The Insidiousness of Facebook Messenger's Android Mobile App Permissions (Updated)

Corrections/Updates (4:45pm EST 8/11/2014): A previous version of this post contained inaccurate and outdated information about Facebook's Messenger app for Android devices (Facebook has provided its own response to concerns about the app here). The post incorrectly equated the app's Terms of Service to its Android-specific permissions language, and the permissions language it originally quoted has since been updated by Google. These changes are now reflected in the post.


How much access to your (and your friends') personal data are you prepared to share for access to free mobile apps? I suspect the amount is significantly less than that which you actually agreed to share when blindly accepting an app's Terms of Service or the default permissions required by a given operating system for an app to function.

Case in point: Facebook's Messenger App, which boasts more than 200,000 million monthly users, requires you to allow access to an alarming amount of personal data and, even more startling, direct control over your mobile device. I'm willing to bet that few, if any, of those using Messenger on Android devices, for example, fully considered the permissions they were accepting when using the app.


The Facebook Messenger app is a standalone version of the instant chat feature within the social network. In April 2014 Facebook announced that this service would no longer be available in the main app and that users would need to download the separate Messenger app for chat functionality. If you're using this app on an Android device, take a look at the permissions that may be governing its functionality (which you can do by going to Settings > Apps or Application Manager). Below is a full list of Android's current permissions groups (the following section has been updated to reflect the current language listed at; 8/11/2014):

In-app purchases
An app can ask you to make purchases inside the app.

Device & app history
An app can use one or more of the following:

  • Read sensitive log data
  • Retrieve system internal state
  • Read your web bookmarks and history
  • Retrieve running apps

Cellular data settings
An app can use settings that control your mobile data connection and potentially the data you receive.

An app can use your account and/or profile information on your device.

Identity access may include the ability to:

  • Find accounts on the device
  • Read your own contact card (example: name and contact information)
  • Modify your own contact card
  • Add or remove accounts

An app can use your device's contacts and/or calendar information.

Contacts and calendar access may include the ability to:

  • Read your contacts
  • Modify your contacts
  • Read calendar events plus confidential information
  • Add or modify calendar events and send email to guests without owners' knowledge

An app can use your device's location.

Location access may include:

  • Approximate location (network-based)
  • Precise location (GPS and network-based)
  • Access extra location provider commands
  • GPS access

An app can use your device's text messaging (SMS) and/or multimedia media messaging service (MMS). This group may include the ability to use text, picture, or video messages.

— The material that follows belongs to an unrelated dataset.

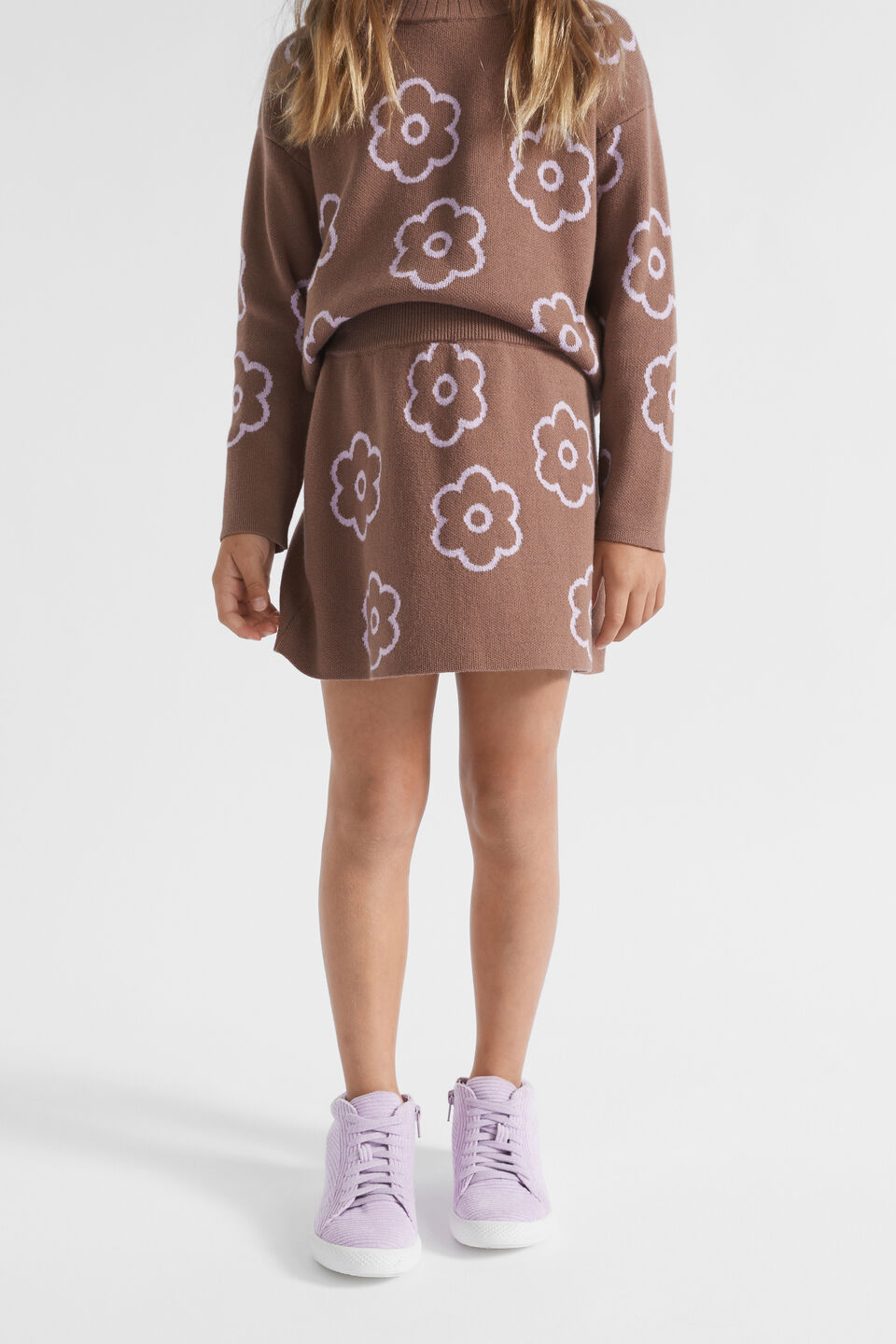 Flower Knit Skirt  Cocoa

Note: Depending on your plan, you may be charged by your carrier for text or multimedia messages. SMS access may include the ability to:

  • Receive text messages (SMS)
  • Read your text messages (SMS or MMS)
  • Receive text messages (MMS, like a picture or video message)
  • Edit your text messages (SMS or MMS)
  • Send SMS messages; this may cost you money
  • Receive text messages (WAP)

An app can use your phone and/or its call history.

Note: Depending on your plan, you may be charged by your carrier for phone calls.

Phone access may include the ability to:

  • Directly call phone numbers; this may cost you money
  • Write call log (example: call history)
  • Read call log
  • Reroute outgoing calls
  • Modify phone state
  • Make calls without your intervention

An app can use files or data stored on your device.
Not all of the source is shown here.